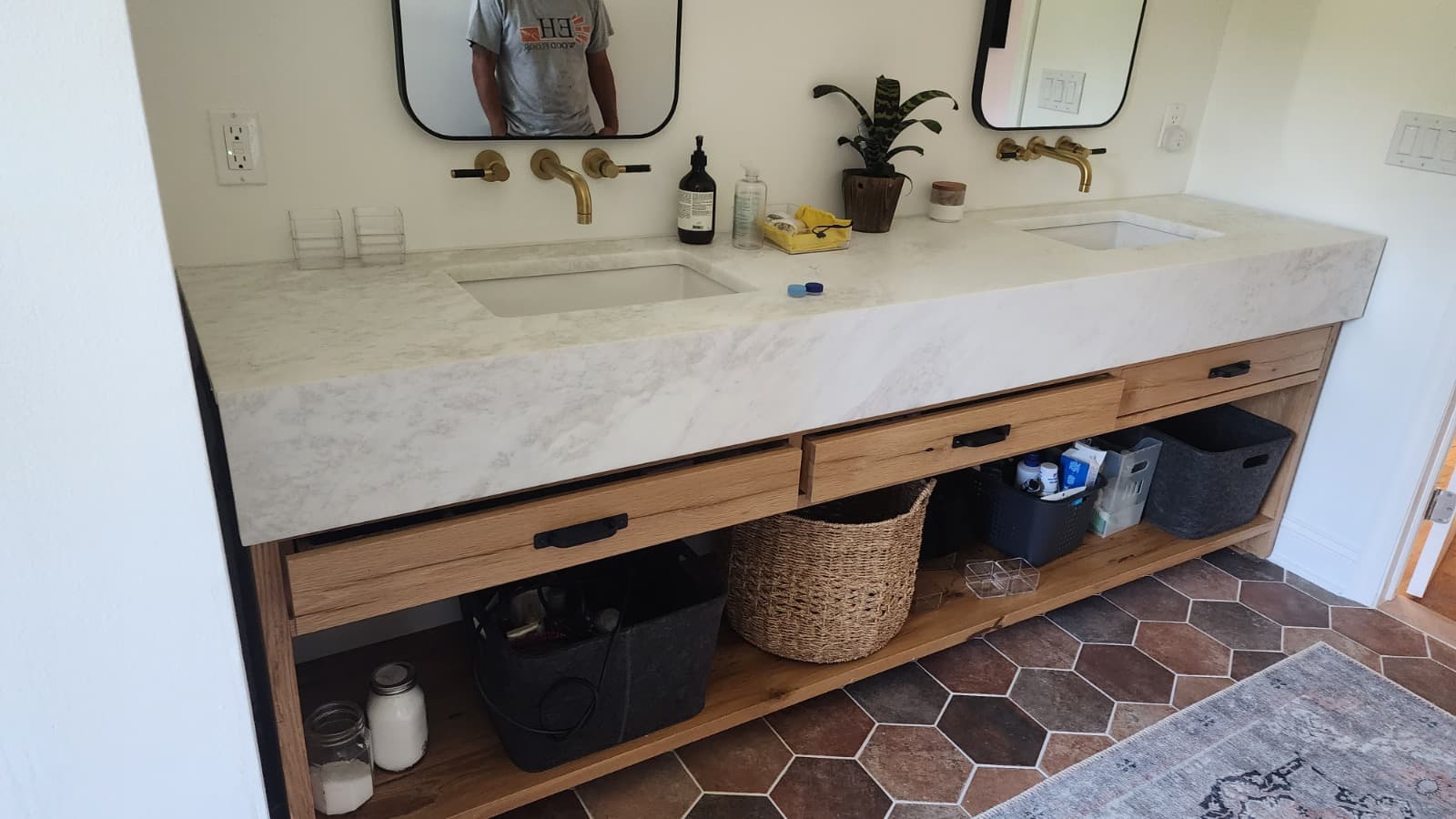 Bathroom remodeling project by Altamirano LLC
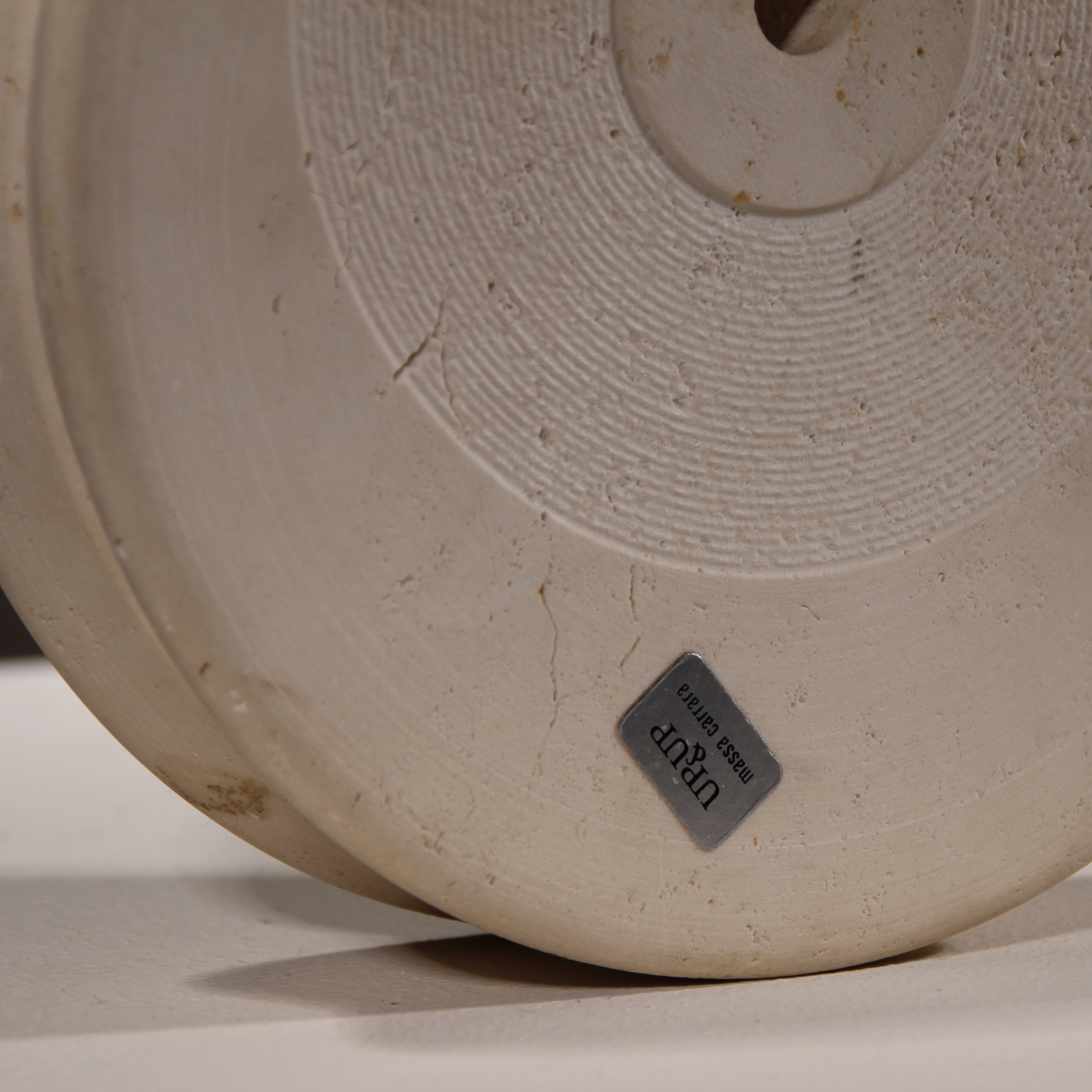 05-travertine-vase-up&up-pier-alessandro-giusti-egidio-di-rosa-studiolorono-lorono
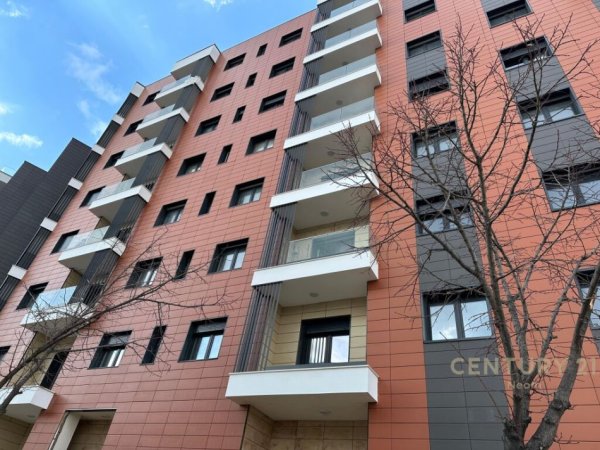 APARTAMENT MODERN 2+1+2 + PARKIME +DEPO ME QERA TE KODRA E DIELLIT.Neom89551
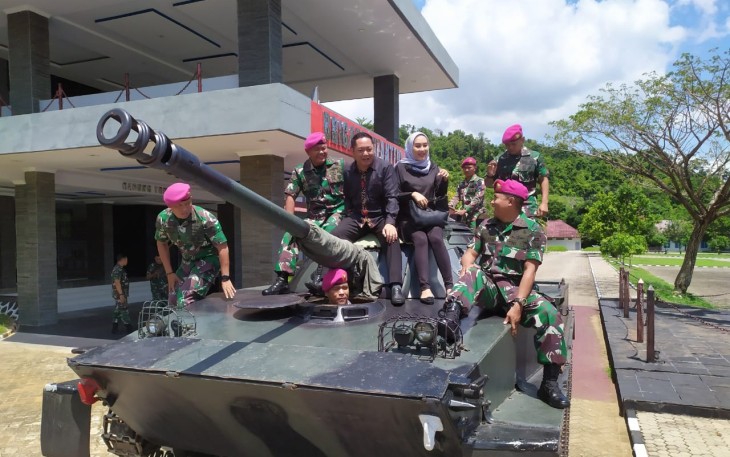 Rizky menaiki kendaraan tempur tank menuju lapangan tembak pistol Brigif 4 Marinir/BS.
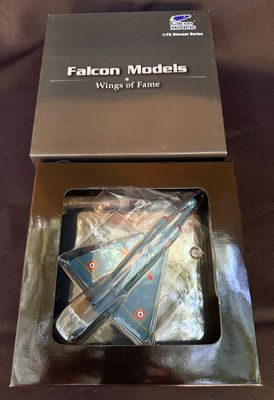 une image représentant une boîte contenant une maquette d'avion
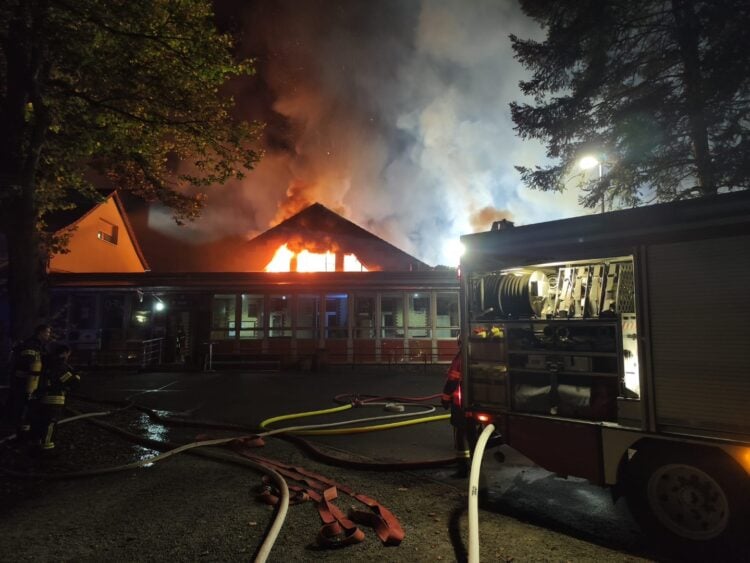 Das Kulturhaus wurde bei dem Brand fast vollständig zerstört. (Bild: Feuerwehr Nachrichten aus OSL)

· · · ·

> **TASK DETAILS**:
Please output every entry exactly as written, apart from the pictures.

> **REPLY TO THE EXERCISE**:
 Bathroom remodeling project by Altamirano LLC
 05-travertine-vase-up&up-pier-alessandro-giusti-egidio-di-rosa-studiolorono-lorono
 APARTAMENT MODERN 2+1+2 + PARKIME +DEPO ME QERA TE KODRA E DIELLIT.Neom89551
 Rizky menaiki kendaraan tempur tank menuju lapangan tembak pistol Brigif 4 Marinir/BS.
 une image représentant une boîte contenant une maquette d'avion
 Das Kulturhaus wurde bei dem Brand fast vollständig zerstört. (Bild: Feuerwehr Nachrichten aus OSL)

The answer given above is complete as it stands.